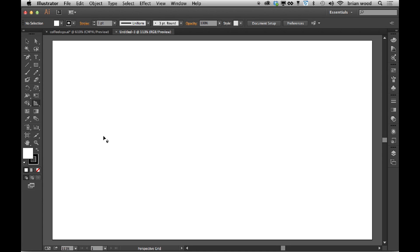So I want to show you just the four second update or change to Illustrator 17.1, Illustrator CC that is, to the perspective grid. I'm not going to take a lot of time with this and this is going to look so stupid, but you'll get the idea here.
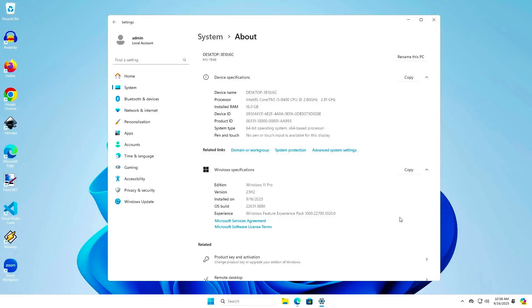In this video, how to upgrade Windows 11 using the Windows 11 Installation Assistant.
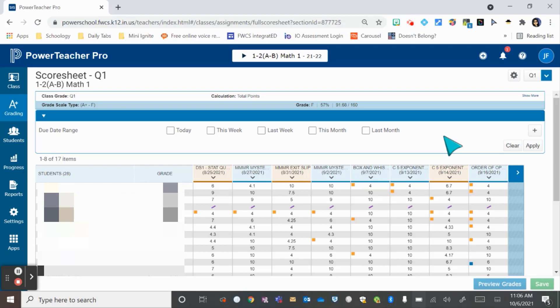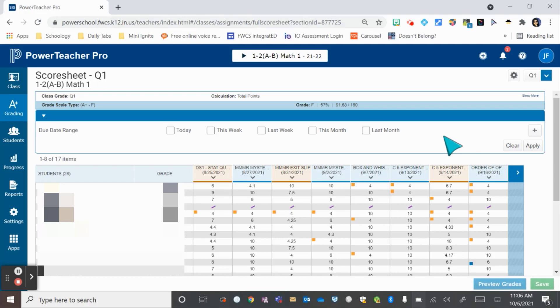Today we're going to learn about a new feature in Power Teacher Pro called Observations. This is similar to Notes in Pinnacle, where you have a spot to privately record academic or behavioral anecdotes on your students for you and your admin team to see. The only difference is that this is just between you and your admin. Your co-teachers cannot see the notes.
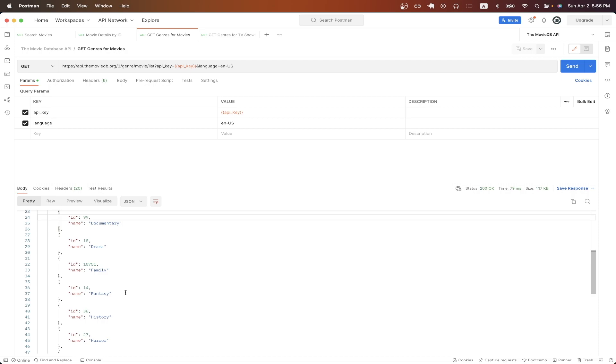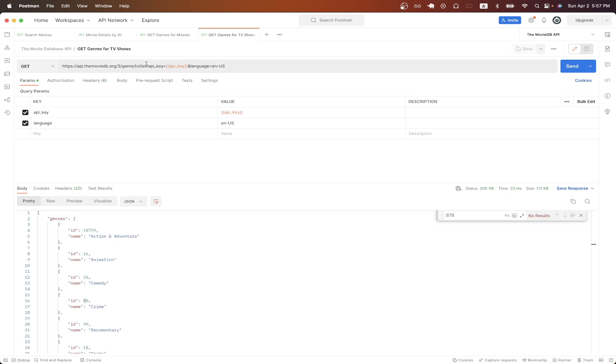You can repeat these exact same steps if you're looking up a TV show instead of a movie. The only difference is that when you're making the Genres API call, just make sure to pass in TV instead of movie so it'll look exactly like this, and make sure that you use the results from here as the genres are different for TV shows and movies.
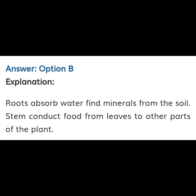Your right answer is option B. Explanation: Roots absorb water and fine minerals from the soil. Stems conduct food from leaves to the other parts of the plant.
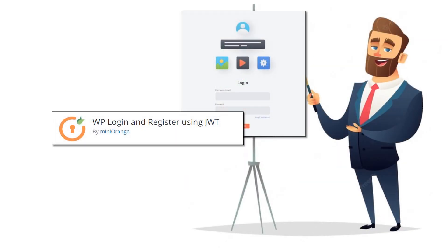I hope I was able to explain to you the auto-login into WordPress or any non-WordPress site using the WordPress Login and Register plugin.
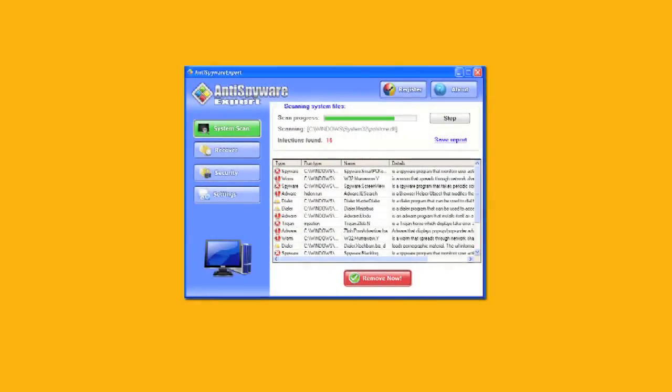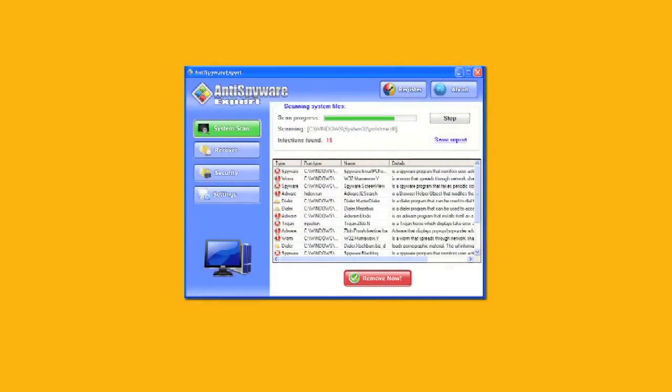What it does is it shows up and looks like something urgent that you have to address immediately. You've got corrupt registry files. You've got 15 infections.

━━━━━━━━━━━━━━━━━━━━━━━━━━━━━━

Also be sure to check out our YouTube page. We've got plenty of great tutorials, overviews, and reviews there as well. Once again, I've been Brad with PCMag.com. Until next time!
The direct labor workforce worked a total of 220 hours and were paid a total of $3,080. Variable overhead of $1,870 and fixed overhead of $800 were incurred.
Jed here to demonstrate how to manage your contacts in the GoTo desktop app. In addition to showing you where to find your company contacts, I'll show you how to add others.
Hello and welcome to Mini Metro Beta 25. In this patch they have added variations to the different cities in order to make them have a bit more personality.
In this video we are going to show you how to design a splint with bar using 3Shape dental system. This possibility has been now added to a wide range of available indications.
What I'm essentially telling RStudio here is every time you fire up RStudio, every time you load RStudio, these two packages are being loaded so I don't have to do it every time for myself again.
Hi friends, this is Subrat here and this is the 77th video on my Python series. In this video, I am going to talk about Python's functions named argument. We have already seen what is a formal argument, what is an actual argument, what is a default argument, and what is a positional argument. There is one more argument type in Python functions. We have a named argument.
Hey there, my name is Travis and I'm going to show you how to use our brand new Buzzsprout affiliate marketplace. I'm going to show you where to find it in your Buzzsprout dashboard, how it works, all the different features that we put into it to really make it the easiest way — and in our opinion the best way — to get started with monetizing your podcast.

━━━━━━━━━━━━━━━━━━━━━━━━━━━━━━

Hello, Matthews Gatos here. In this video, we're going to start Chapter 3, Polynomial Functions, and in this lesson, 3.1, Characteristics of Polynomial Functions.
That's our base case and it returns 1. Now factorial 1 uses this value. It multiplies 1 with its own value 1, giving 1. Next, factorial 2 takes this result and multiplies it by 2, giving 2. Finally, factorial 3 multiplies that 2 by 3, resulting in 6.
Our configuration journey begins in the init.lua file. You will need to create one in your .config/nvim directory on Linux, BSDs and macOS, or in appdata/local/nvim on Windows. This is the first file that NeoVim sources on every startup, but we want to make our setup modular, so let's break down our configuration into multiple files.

━━━━━━━━━━━━━━━━━━━━━━━━━━━━━━

Filter the listing above, keeping only the lines with "find".

Jed here to demonstrate how to manage your contacts in the GoTo desktop app. In addition to showing you where to find your company contacts, I'll show you how to add others.
Hey there, my name is Travis and I'm going to show you how to use our brand new Buzzsprout affiliate marketplace. I'm going to show you where to find it in your Buzzsprout dashboard, how it works, all the different features that we put into it to really make it the easiest way — and in our opinion the best way — to get started with monetizing your podcast.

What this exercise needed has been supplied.